| Literature DB >> 21927609 |
Vincenzo Romei1, Benjamin De Haas, Robert M Mok, Jon Driver.
Abstract
There is increasing interest in multisensory influences upon sensory-specific judgments, such as when auditory stimuli affect visual perception. Here we studied whether the duration of an auditory event can objectively affect the perceived duration of a co-occurring visual event. On each trial, participants were presented with a pair of successive flashes and had to judge whether the first or second was longer. Two beeps were presented with the flashes. The order of short and long stimuli could be the same across audition and vision (audio-visual congruent) or reversed, so that the longer flash was accompanied by the shorter beep and vice versa (audio-visual incongruent); or the two beeps could have the same duration as each other. Beeps and flashes could onset synchronously or asynchronously. In a further control experiment, the beep durations were much longer (tripled) than the flashes. Results showed that visual duration discrimination sensitivity (d') was significantly higher for congruent (and significantly lower for incongruent) audio-visual synchronous combinations, relative to the visual-only presentation. This effect was abolished when auditory and visual stimuli were presented asynchronously, or when sound durations tripled those of flashes. We conclude that the temporal properties of co-occurring auditory stimuli influence the perceived duration of visual stimuli and that this can reflect genuine changes in visual sensitivity rather than mere response bias.Entities:
Keywords: audition; crossmodal interactions; multisensory integration; response bias; signal-detection theory; time perception; vision
Year: 2011 PMID: 21927609 PMCID: PMC3168883 DOI: 10.3389/fpsyg.2011.00215
Source DB: PubMed Journal: Front Psychol ISSN: 1664-1078
Figure 1Schematic timelines representing conditions in Experiment 1A and 1B. In Experiment 1A all corresponding auditory (red lines marked with label “AUD”) and visual (blue lines marked with label “VIS”) stimuli had the same onset (synchronous conditions) while in Experiment 1B visual stimuli always preceded auditory stimuli by 500 ms (asynchronous conditions). In both situations, each pair of stimuli within one modality was separated by a 1000-ms interval; the order of short and long stimuli could be the same across auditory and visual modalities (congruent) or reversed between them (incongruent). In the both-auditor-short condition, both successive sounds had the shorter visual duration (and vice versa for both-auditory-long). Finally a visual-only condition served as a baseline measure.
Figure 2Mean visual duration discrimination sensitivity (d′), SEM indicated) for each condition in Experiment 1a (A) and 1b (B). Asterisks in 1a indicate significant differences relative to the synchronous–congruent condition that gave best performance (*p < 0.05, **p < 0.01, ***p < 0.001), see leftmost bar in left graph. None of the pairwise contrasts were significant for the asynchronous conditions (see right graph).

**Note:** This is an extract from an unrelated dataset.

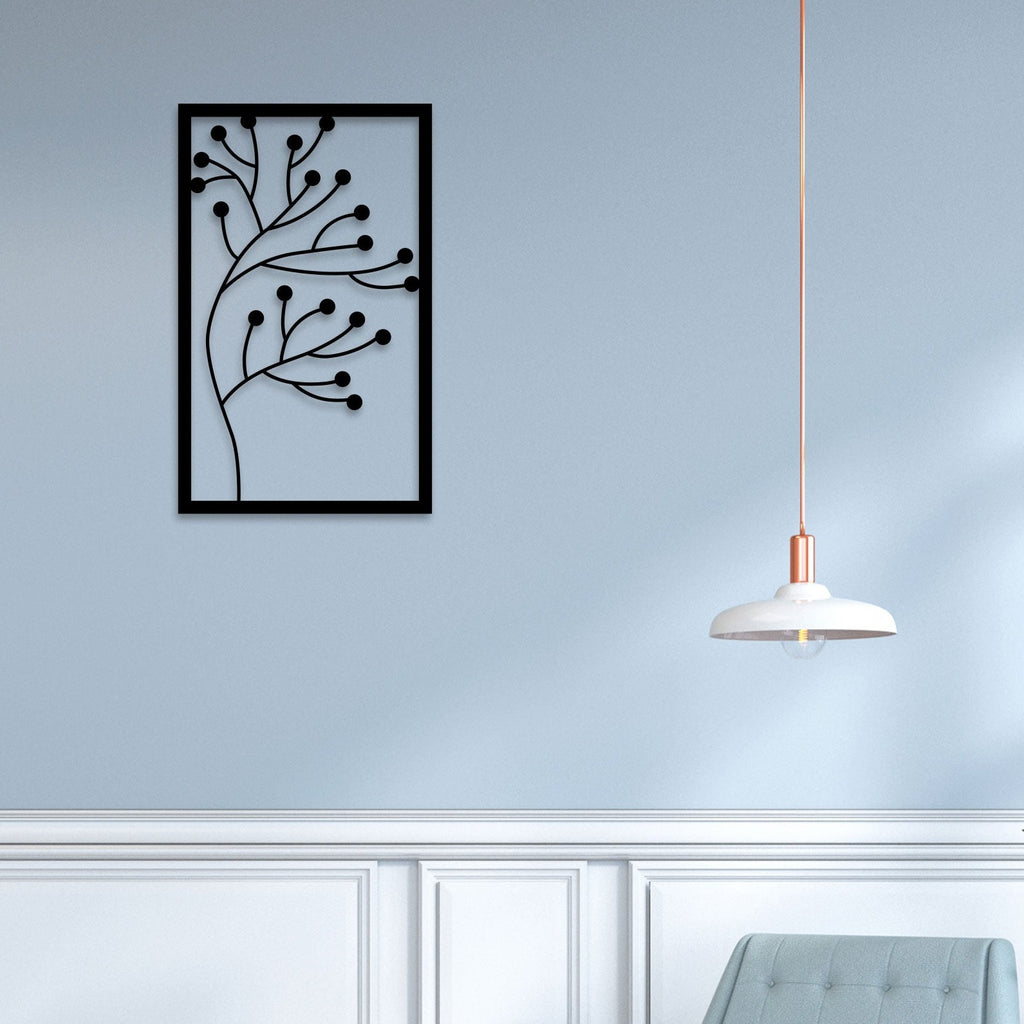 Plant Without Leaf Metal Wall Art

Figure 3Mean visual duration discrimination sensitivity (d′), SEM indicated) for each condition in Experiment 2. Asterisks above bars point to significant differences relative to the visual-only baseline, with the latter represented here by the orange dashed line with SEM shading. The significant enhancement or decrease of sensitivity, for the untripled congruent and incongruent conditions (respectively) replicates the findings of Experiment 1a. These effects were eliminated or reduced (respectively) for the corresponding two new tripled conditions, in which a sound still onset concurrently with each flash, but the sounds now were three times as long.